And what we propose supports both aims - exposing individual agency feeds, some with embedded references to catalogs, and a search/browse facility across this federation to enable broad access. In terms of cart-and-horse, I see the data.gov facilities as a primary means to realize the goals of the Open Data Policy since it supports the pan-governmental view that the .json enabled approach does not support by itself. We can have it both ways with very little extra work. If you read between the lines, CKAN can also expose a filter-driven json feed (or delivery of XML+RDFa files) against all harvested metadata for the whole of government.

skybristol commented 11 years ago

So, circling back to the original concept posed by @jeffdlb and then built on by @ddnebert, it seems like we have the following two proposals:

1) @jeffdlb - Follow the Project Open Data (POD) JSON schema to provide discovery-level metadata for each discrete dataset but allow a network of nodes within a given agency such that top-level data.json might point to other locations where further "data.json" files could be crawled/aggregated to create the whole.

2) @ddnebert - Allow for the use of not only the POD schema but accept established formal metadata standards in XML (ISO19115/19139 and FGDC CSDGM are mentioned), using the top-level agency data.json as an index/directory pointing to catalog services (CSW) or web accessible folders where such metadata can be harvested.

Those seem to be two widely different proposals (if I've got them right), and I wonder if they don't deserve to be restated to start separate threads for debate.

The comment from @ddnebert above seems to point to Data.gov's CKAN implementation as the solution for OMB scrutiny and any other uses of a simple JSON output of discovery-level metadata, allowing for agencies with formal metadata holdings to simply provide those as their public data listing without "dumbing down" the catalog to the more simple POD attributes.

ddnebert commented 11 years ago

Well stated. I would also add that the CKAN implementation can already support harvest of .json and CSW/WAF. It is a minor tweak to identify catalog references within the agency .json file. We can experiment with exposing the federated catalog (CKAN) as filtered .json for developer access with all entries looking the same yet provide access and indexing of the robust metadata where it exists.

mhogeweg commented 11 years ago

@ddnebert what you describe looks something like this http://gptogc.esri.com/geoportal/rest/repositories. That response is a very specific list of repositories registered in a catalog. A client could take this list for harvesing, syndication, brokering, synchronization, indexing (or what the term of the day is).

I'm curious to the ways people expect to use Data.gov. Yes, there is a CKAN interface and I've integrated with that to perform some basic searching, say for water quality.
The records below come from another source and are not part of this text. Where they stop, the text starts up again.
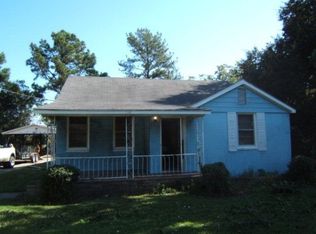 318 Muldrow St, Bishopville, SC 29010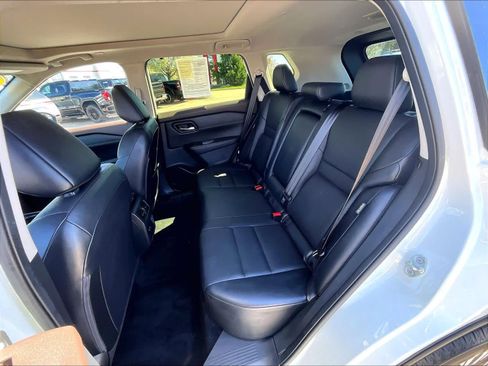 Certified 2023 Nissan Rogue SV w/ SV Premium B Package AWD/4WD image 15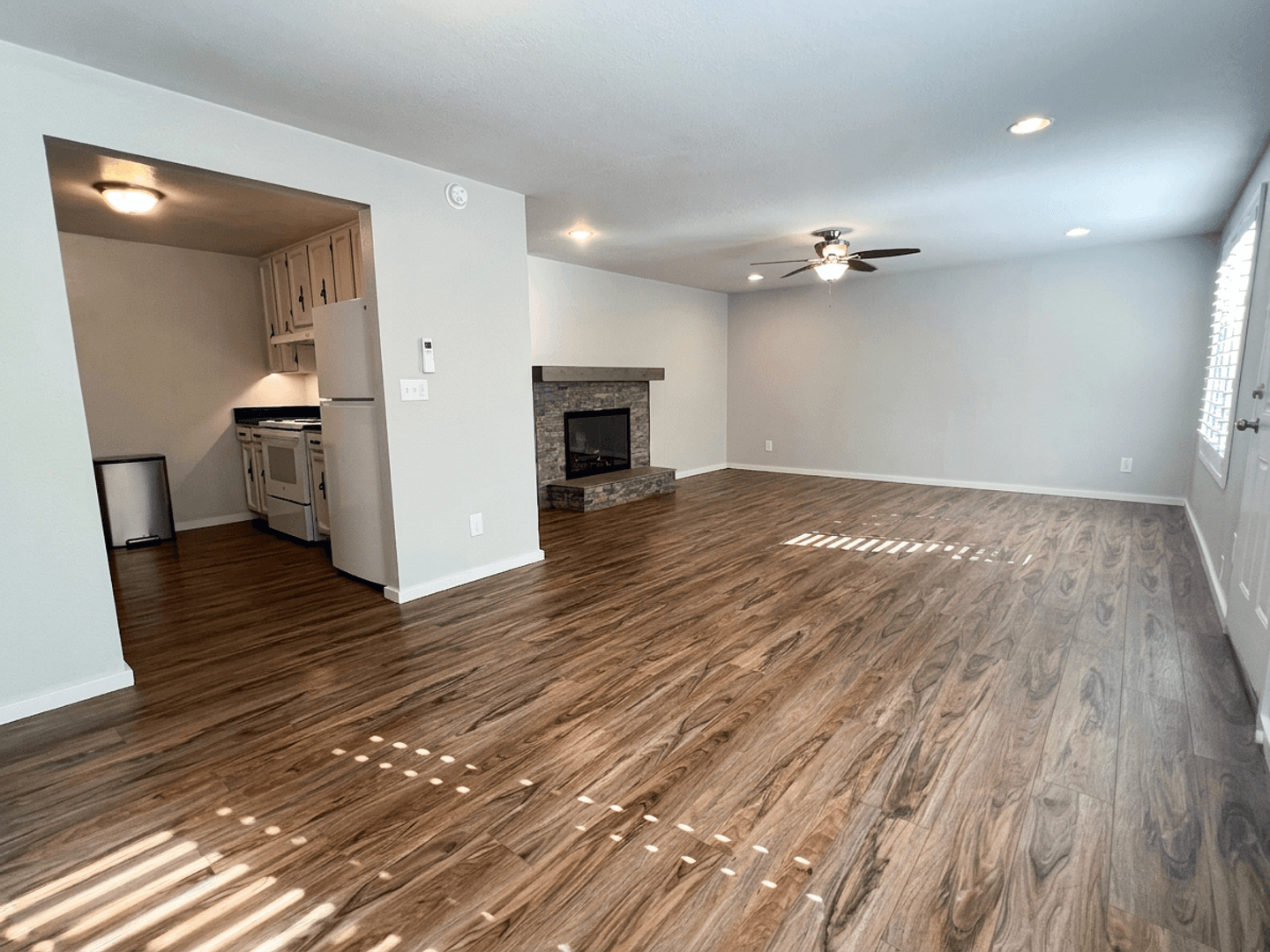 Ashland Apartment: 373 Iowa St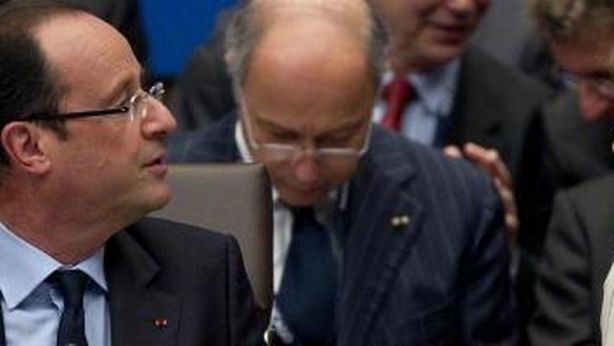 Hollande in “guerra” contro Merkel: 5 punti per la crescita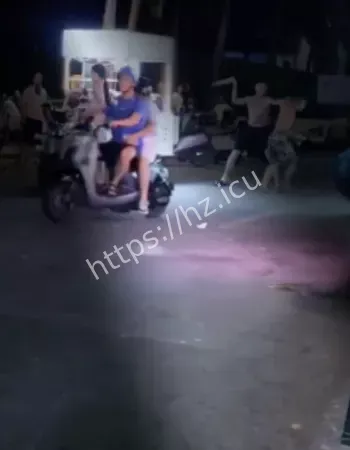 男友怒揍顾客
currently the CKAN API doesn't seem to return a total count of items. on providing DCAT, you can also get the [same search results as DCAT](http://gptogc.esri.com/geoportal/rest/find/document?rid=CKAN&searchText=water quality&start=1&max=10&f=dcat) from the same site. all of this does not prevent or mandate full verbose ISO/FGDC metadata. it would just expose to a user what is relevant given the user's search request.

what I think we all want to avoid is to create a one-of-a-kind process like used in Recovery.gov for transparency reporting or in the EPA CDX environmental reporting. those are good use cases for a specific process because specific information is exchanged at set frequencies with 1 user. in the field of open data (geo or non-geo) we all want to find that one awesome dataset, regardless of where it is registered or regardless what website/client we use... #different

ultrasaurus commented 11 years ago

If I understand the details of this thread correctly, I'd like to offer Libraries and Archives as another use case in support of:

2) @ddnebert - Allow for the use of not only the POD schema but accept established formal metadata standards in XML (ISO19115/19139 and FGDC CSDGM are mentioned), using the top-level agency data.json as an index/directory pointing to catalog services (CSW) or web accessible folders where such metadata can be harvested.

My understanding is that under this proposal there would be a /data.json that references pre-existing standard repositories that are in use by established communities of data publishers and developers. Archives and libraries are early adopters of open data with MARC and EAD standards already published and in active use by various communities and partners. Notable is the Digital Public Libraries of America (relevant background here: http://dp.la/info/get-involved/partnerships/) which already aggregates a huge amount of public data. Many Smithsonian archives and libraries already have public data repositories that are contributed to DPLA. Like the scientific and technical government agencies, the Smithsonian Institutions has a huge amount of open data, already in use by scientists and humanities researchers.

It believe that it would be a huge win to publicize these existing resources and reference well-established standards, drawing new developers and industry into existing communities of experts.

seanherron commented 11 years ago

I think that this conversation boils down to two points that everyone can probably agree on: 1) we want it to be easy for people to find government data and 2) we want it to be easy for government to make data available to the public.

With those two core objectives in mind, I'd like to highlight what I perceive to be the primary ways to make that happen:

1) If you go to agency.gov/data, you are able to view our best-faith effort in indexing all of the data that agency has, both in a human and machine readable interface.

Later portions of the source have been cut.